__Activity__
Output exactly the lines below, starting with the line that has "May include: White" and going on through the line that has "Vertical image: Bearded", both included, and no other lines.

__Records to process__
+++++
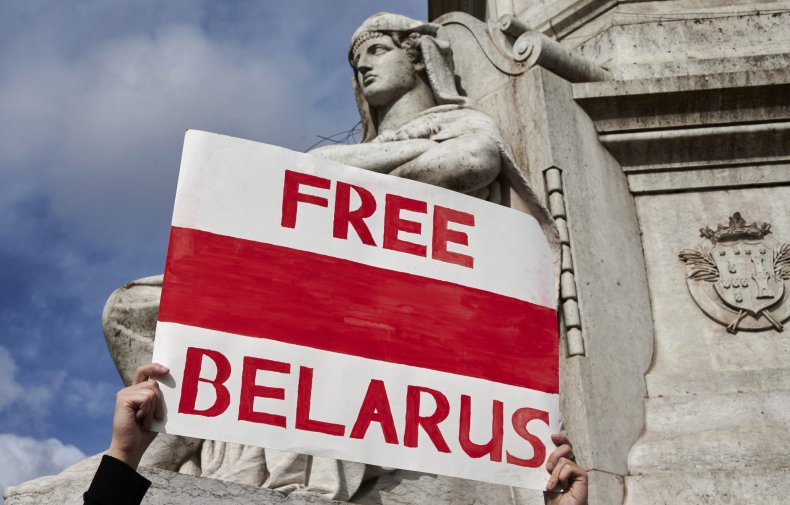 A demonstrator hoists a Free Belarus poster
+++++
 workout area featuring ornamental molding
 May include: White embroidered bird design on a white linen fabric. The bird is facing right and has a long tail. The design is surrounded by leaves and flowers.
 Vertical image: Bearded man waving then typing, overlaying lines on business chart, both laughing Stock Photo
+++++
__Exercise output__
 May include: White embroidered bird design on a white linen fabric. The bird is facing right and has a long tail. The design is surrounded by leaves and flowers.
 Vertical image: Bearded man waving then typing, overlaying lines on business chart, both laughing Stock Photo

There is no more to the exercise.